Ленка смущённо засмеялась и ткнула меня кулачком в бок.
— Нет, правда, Лен, не могу я на этот вопрос ответить, — серьёзно сказал я. — Насчёт потолка развития ты правильно заметила — мы выросли слишком быстро, и у многих начали вызывать опасения. На нас просто не успели среагировать вовремя, но больше нам расти не дадут. Дальше только мелкими шажками, как все. Ещё будем развивать баронство, но там тоже есть верхняя граница, а графом мне не стать никогда, язычнику графство не дадут. Буду искать какие-то новые нестандартные варианты. А если говорить о развитии как Владеющего, то это для меня гораздо интереснее. Мне в самом деле хотелось бы понять своё место в этом мире, вот только я плохо пока представляю, как к этой задаче подступиться.
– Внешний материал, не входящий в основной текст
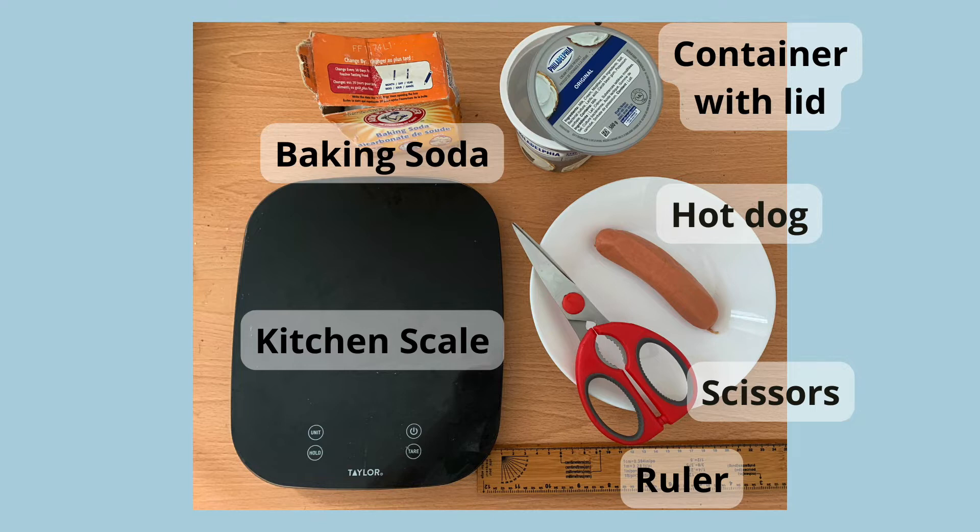You will also need scissors to cut the hot dog, and you may also use a kitchen scale, ruler, and pen and paper to make observations.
Пока надо просто развиваться, а дальше, возможно, яснее будет.
— Ну хорошо, ты меня успокоил, — сказала Ленка, прижимаясь ко мне.
— Чем это я тебя успокоил? — удивился я.
— Тем, что у тебя нормальный и разумный взгляд на жизнь, и тем, что ты не планируешь никаких грандиозных свершений. Люди, которые живут великими целями всегда плохо кончают. Даже те немногие, кому удаётся оставить след в истории. А хуже всего приходится их близким. Я рада, что это не твой случай.
Я почувствовал смущение. Так уж получается, что если человек не лезет вперёд с умными мыслями, то мы как-то неявно начинаем считать, что у него их и нет. На самом деле чаще бывает наоборот, такие люди могут сказать гораздо больше, чем горластые умники. Но вот если насчёт других людей легко ошибиться, то недооценивать собственную жену, которую знаешь с малых лет, действительно стыдно. Пусть даже она и предпочитает держаться в моей тени, мне не стоит забывать, что она умница, да и советоваться с ней надо бы почаще.
Мы так и сидели, обнявшись и болтая о разных пустяках, и даже не обратили внимания, что на этой тихой аллейке мы уже не одни.
— О, Матюха, вот кто нам сейчас поможет!
Перед нами возвышались два здоровенных — побольше нашего Ивана, пожалуй, — и поддатых парня, за которых цеплялась тщедушная девчонка лет шестнадцати.
— Сёма, пойдём домой, пожалуйста, — умоляюще проговорила она и попыталась потянуть парней дальше, но с тем же успехом она могла бы попробовать передвинуть монумент князю Любославу, что на площади Перепелиных стай.
— Цыц, — небрежно сказал ей парень и обратился к нам: — Пожертвуйте на рюмочку, сограждане.